Wal-Mart raid - Part Two

It appears the Honesdale arrest was just the hook that Pennsylvania INS agents were looking for to begin to carry out the Wal-Mart probe.
“It was actually two separate investigations that got intertwined because they were interlinked,” a federal agent in Washington said, declining to give more details because of the ongoing probe. “They were both out of middle Pennsylvania and they just combined them into one.”
The Honesdale case eventually implicated two-dozen interconnected businesses with contracts to clean more than 80 Wal-Mart stores.

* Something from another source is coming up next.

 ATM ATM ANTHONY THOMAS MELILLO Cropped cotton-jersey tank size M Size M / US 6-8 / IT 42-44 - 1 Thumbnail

Investigators arrested workers from Armenia, Bulgaria, the Czech Republic, Georgia, Mongolia, Russia, and Uzbekistan employed as contract custodians in Wal-Mart stores located in Pennsylvania, Ohio, Florida, and elsewhere.

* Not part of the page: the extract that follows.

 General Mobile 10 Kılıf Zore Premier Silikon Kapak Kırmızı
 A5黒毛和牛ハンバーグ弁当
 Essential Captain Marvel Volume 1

That, paired with three other cases in Florida, Illinois, and Virginia involving illegal workers employed to clean Wal-Mart pointed to a pattern of violations of labor laws and enough evidence for federal investigators to wiretap the executive offices in Arkansas.
On October 24, federal agents raided Wal-Mart’s Bentonville, Ark., headquarters and stores across the country arresting 250 illegal immigrants as they came off the overnight cleaning shift. Wal-Mart received a target letter on November 4, signaling a grand jury investigation from the U.S. Attorney’s office in Williamsport, Pa., and will begin hearing in mid-December, Wal-Mart officials said.
The assistant U.S. attorney handling the case, Wayne Samuelson, declined to comment beyond saying it’s an “ongoing investigation.”
At the Honesdale police station, the biggest surprise is the role they played in a larger operation.
“I thought it was just a coincidence that they all worked at Wal-Mart. You have to understand we’re a teeny, weenie town in the middle of nowhere. We have an active overnight population of 500. There’s nothing around but farmhouses, a little rural community,” Chief Frisk said. “But apparently that was the m.o. with these guys. They put them in little towns where nobody was getting them.”
Mr. Frisk’s last encounter with Mr. Zygnerski was in February of 1999 when he found a New York license plate left behind after a hit-and-run accident. Police traced the car to Mr. Zygnerski, who said yesterday one of the immigrants was driving his car, “so I had to take the blame.”
After that, Mr. Zygnerski said he sold his place. “I got rid of all these Eastern guys because they were too much of a problem,” he said.